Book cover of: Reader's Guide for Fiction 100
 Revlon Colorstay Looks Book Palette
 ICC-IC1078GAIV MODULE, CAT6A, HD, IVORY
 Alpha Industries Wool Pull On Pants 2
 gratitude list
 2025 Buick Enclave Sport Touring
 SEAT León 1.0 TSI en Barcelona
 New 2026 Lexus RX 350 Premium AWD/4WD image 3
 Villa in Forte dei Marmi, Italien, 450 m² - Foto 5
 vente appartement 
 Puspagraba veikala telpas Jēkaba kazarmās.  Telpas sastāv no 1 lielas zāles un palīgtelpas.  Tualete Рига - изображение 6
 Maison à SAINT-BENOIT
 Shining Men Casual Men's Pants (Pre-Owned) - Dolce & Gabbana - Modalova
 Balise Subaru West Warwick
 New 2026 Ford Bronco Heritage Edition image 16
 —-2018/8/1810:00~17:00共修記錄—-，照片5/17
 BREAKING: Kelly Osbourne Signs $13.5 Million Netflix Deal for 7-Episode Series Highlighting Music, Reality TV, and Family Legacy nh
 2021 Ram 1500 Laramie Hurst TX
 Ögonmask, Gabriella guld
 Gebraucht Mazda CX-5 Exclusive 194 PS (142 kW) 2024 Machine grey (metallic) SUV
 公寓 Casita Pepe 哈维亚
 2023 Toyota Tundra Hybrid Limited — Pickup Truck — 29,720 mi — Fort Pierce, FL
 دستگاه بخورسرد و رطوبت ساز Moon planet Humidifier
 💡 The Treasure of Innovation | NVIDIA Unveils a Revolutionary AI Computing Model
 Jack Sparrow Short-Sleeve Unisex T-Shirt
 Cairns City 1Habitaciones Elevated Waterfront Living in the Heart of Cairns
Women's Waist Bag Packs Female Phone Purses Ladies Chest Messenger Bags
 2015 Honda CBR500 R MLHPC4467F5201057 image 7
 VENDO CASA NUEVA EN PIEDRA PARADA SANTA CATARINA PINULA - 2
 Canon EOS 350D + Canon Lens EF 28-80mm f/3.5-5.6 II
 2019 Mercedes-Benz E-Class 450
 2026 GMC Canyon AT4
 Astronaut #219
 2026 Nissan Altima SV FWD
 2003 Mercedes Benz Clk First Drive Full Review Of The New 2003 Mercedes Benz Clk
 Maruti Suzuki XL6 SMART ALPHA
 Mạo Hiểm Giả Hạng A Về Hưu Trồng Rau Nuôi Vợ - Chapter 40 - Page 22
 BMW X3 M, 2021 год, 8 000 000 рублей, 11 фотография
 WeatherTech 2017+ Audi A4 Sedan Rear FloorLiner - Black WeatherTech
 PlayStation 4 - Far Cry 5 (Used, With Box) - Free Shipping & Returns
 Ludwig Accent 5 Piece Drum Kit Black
==============================
Required action | The material is to be given again in full and without variation.

Written response |
Book cover of: Reader's Guide for Fiction 100
 Revlon Colorstay Looks Book Palette
 ICC-IC1078GAIV MODULE, CAT6A, HD, IVORY
 Alpha Industries Wool Pull On Pants 2
 gratitude list
 2025 Buick Enclave Sport Touring
 SEAT León 1.0 TSI en Barcelona
 New 2026 Lexus RX 350 Premium AWD/4WD image 3
 Villa in Forte dei Marmi, Italien, 450 m² - Foto 5
 vente appartement 
 Puspagraba veikala telpas Jēkaba kazarmās.  Telpas sastāv no 1 lielas zāles un palīgtelpas.  Tualete Рига - изображение 6
 Maison à SAINT-BENOIT
 Shining Men Casual Men's Pants (Pre-Owned) - Dolce & Gabbana - Modalova
 Balise Subaru West Warwick
 New 2026 Ford Bronco Heritage Edition image 16
 —-2018/8/1810:00~17:00共修記錄—-，照片5/17
 BREAKING: Kelly Osbourne Signs $13.5 Million Netflix Deal for 7-Episode Series Highlighting Music, Reality TV, and Family Legacy nh
 2021 Ram 1500 Laramie Hurst TX
 Ögonmask, Gabriella guld
 Gebraucht Mazda CX-5 Exclusive 194 PS (142 kW) 2024 Machine grey (metallic) SUV
 公寓 Casita Pepe 哈维亚
 2023 Toyota Tundra Hybrid Limited — Pickup Truck — 29,720 mi — Fort Pierce, FL
 دستگاه بخورسرد و رطوبت ساز Moon planet Humidifier
 💡 The Treasure of Innovation | NVIDIA Unveils a Revolutionary AI Computing Model
 Jack Sparrow Short-Sleeve Unisex T-Shirt
 Cairns City 1Habitaciones Elevated Waterfront Living in the Heart of Cairns
Women's Waist Bag Packs Female Phone Purses Ladies Chest Messenger Bags
 2015 Honda CBR500 R MLHPC4467F5201057 image 7
 VENDO CASA NUEVA EN PIEDRA PARADA SANTA CATARINA PINULA - 2
 Canon EOS 350D + Canon Lens EF 28-80mm f/3.5-5.6 II
 2019 Mercedes-Benz E-Class 450
 2026 GMC Canyon AT4
 Astronaut #219
 2026 Nissan Altima SV FWD
 2003 Mercedes Benz Clk First Drive Full Review Of The New 2003 Mercedes Benz Clk
 Maruti Suzuki XL6 SMART ALPHA
 Mạo Hiểm Giả Hạng A Về Hưu Trồng Rau Nuôi Vợ - Chapter 40 - Page 22
 BMW X3 M, 2021 год, 8 000 000 рублей, 11 фотография
 WeatherTech 2017+ Audi A4 Sedan Rear FloorLiner - Black WeatherTech
 PlayStation 4 - Far Cry 5 (Used, With Box) - Free Shipping & Returns
 Ludwig Accent 5 Piece Drum Kit Black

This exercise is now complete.